“Doğruluk teyitlerini artırmak”
Siyaset bilimci Josef Holnburger, dezenformasyonun nasıl yayıldığını ve sahte haberlere karşı ne yapılabileceğini açıklıyor.
Siyaset bilimci Josef Holnburger, Pia Lamberty ile birlikte kar amacı gütmeyen bir kuruluş olan; komplo ideolojileri, dezenformasyon, anti semitizm ve aşırı sağ konularıyla ilgilenen İzleme, Analiz ve Strateji Merkezi’nin (CeMAS) yönetiminde yer alıyor.

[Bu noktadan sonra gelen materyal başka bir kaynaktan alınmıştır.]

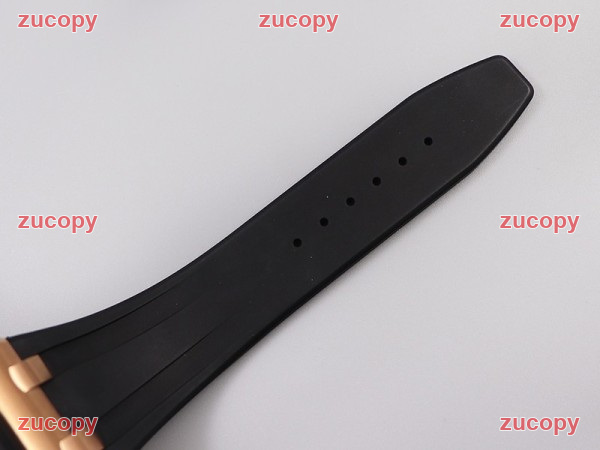 オーデマ・ピゲ 大人気 オーデマ・ピゲ ロイヤルオーク スーパーコピー腕時計 - ZC-WT-0O0PCBJ 原画像 7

Sayın Holnburger, yalan haber nedir?
Yanlış bilgilendirme ile dezenformasyon arasında bilimsel bir ayrım yapıyoruz. Örneğin, birisi düzgün dinlemediği için bir şeyi yanlış aktarmışsa, bu yanlış bilgidir. Dezenformasyon ise, hiç öyle olmayan veya yanlış bir bağlama yerleştirilmiş bir aktarımla, yanlışlığı bilindiği halde kasıtlı olarak yayılan bilgilerdir. Kamuoyunda buna genellikle sahte haber deniyor.
Dezenformasyon tehlikesi arttı mı?
Bugün dezenformasyon yaymak eskisine göre çok daha kolay. Dolayısıyla bu açıdan risk arttı. Sosyal ağlarda duygusallaştırıcı içeriklerin yayılımı şaşırtıcı derecede iyi işliyor. Özellikle büyük platformların dezenformasyonu engellemek için iyi kurallara ihtiyacı var. Bu bir yönüyle söz konusu hesapların erişimini sınırlamak, hatta engellemek anlamına gelebilir. Ancak, doğruluk teyitleri yoluyla da kullanıcılar yanlış bilgilerden haberdar edilmeli.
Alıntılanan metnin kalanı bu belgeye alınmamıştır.